(SUPPLIED RECORDS begins)

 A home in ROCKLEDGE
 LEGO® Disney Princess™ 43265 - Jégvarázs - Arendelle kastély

(SUPPLIED RECORDS ends)
(SUPPLIED RECORDS begins)

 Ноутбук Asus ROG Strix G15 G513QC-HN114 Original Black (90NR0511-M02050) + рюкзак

(SUPPLIED RECORDS ends)
(SUPPLIED RECORDS begins)

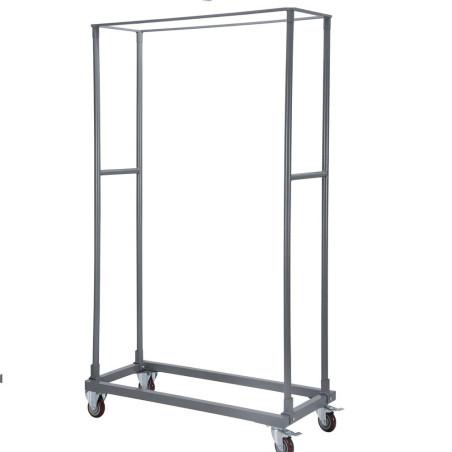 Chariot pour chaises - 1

(SUPPLIED RECORDS ends)

Above are records; repeat only the lines starting at the line with "A home in ROCKLEDGE" and ending at the line with "LEGO® Disney Princess™", exactly as they appear, both included.

 A home in ROCKLEDGE
 LEGO® Disney Princess™ 43265 - Jégvarázs - Arendelle kastély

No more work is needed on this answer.